Christiane Taubira, garde des sceaux, ministre de la justice :

Je partage totalement les explications données dans les exposés, lesquels n’étaient absolument pas sommaires, mais profonds, de ces amendements. Comme l’a précisé le rapporteur, et nous en avons aussi débattu en commission, la disposition concerne les très longues peines. Le Gouvernement a choisi de consacrer ce texte de loi aux délits et de ne pas y introduire des dispositions intéressant les mineurs et celles concernant les longues peines, en dehors de l’examen de la situation de tous les condamnés détenus auxdeux tiersde leur peine.
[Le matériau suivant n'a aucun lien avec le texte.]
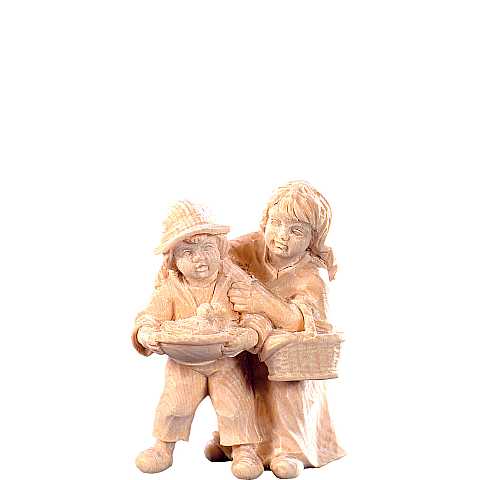 Coppia di bambini per Presepe ''Rives Krippe'', Statuina in Legno Naturale, Adatta a Presepe Linea 15 Cm - Demetz Deur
Comme l’a précisé le rapporteur, les mesures de sûreté, et pas seulement la rétention de sûreté, sont incluses dans le périmètre de la mission conduite par Bruno Cotte. Il est certain qu’en termes de calendrier, j’ai voulu, parce que le travail est lourd, donner du temps. J’ai demandé que ses travaux soient remis fin 2015, date qui paraît lointaine, mais, considérant la charge de travail, cette commission sera contrainte de travailler de façon dense. J’ai, en conséquence, mobilisé l’administration et un comité d’écriture siège à ses côtés.

Il n’y a pas, là non plus, de divergence d’appréciation sur la nature de la mesure, que l’on se place d’un point de vue philosophique ou juridique. Les extraits des propos de Robert Badinter lus par Matthias Fekl nous servent de référence depuis que se tient ce débat au Parlement. Il est simplement nécessaire de savoir comment on répond, en droit et en politique publique, à des situations peu nombreuses, convenons-en, mais lourdes.

En termes de politique publique, des mesures en matière de structures sanitaires, de politique de santé et de suivi des personnes n’ont en effet pas été prises alors qu’elles auraient dû l’être. S’agissant du droit, vous vous souvenez que le débat a soulevé des protestations fondées et argumentées. Le texte avait d’ailleurs été déféré au Conseil constitutionnel et suite à la décision de ce dernier, les dispositions ont été réécrites, ce qui a provoqué un enchevêtrement s’agissant de la rétention de sûreté, de la surveillance de sûreté et de la surveillance socio-judiciaire.

Par conséquent, il est nécessaire de réécrire les dispositions. Il existe, en effet, des cas peu nombreux, je le répète, mais lourds qui nécessitent que des dispositions puissent être prises. Pour cette raison, on peut concevoir la suppression, mais comprenons que cela n’entraîne pas strictement la suppression de la rétention de sûreté : leur imbrication a des effets sur les deux autres dispositifs que je viens d’évoquer.

J’entends bien que les travaux de la commission Cotte nous renvoient à fin 2015, ce qui est peu satisfaisant en termes de délai. Considérant toutefois qu’il s’agit de la totalité des travaux qui doit être achevée fin 2015, il n’est pas à exclure que la commission Cotte soit en mesure de faire des propositions avant fin 2015.

J’aurais pu me contenter de vous répondre que le Gouvernement a décidé de réserver ce texte aux délits et que, par conséquent, la disposition proposée par ces amendements ne trouve pas sa place dans le projet de loi, mais je n’aurais pas été honnête avec vous. La politique exige par respect et par honnêteté de préciser clairement ses positions.

L’abrogation de la rétention de sûreté s’impose, j’en suis absolument persuadée. Les raisons pour lesquelles elle doit l’être ont été très clairement exposées par les trois députés qui ont défendu ces amendements. Le Gouvernement ne veut toutefois pas inclure cette mesure dans le texte d’aujourd’hui qui est consacré aux délits.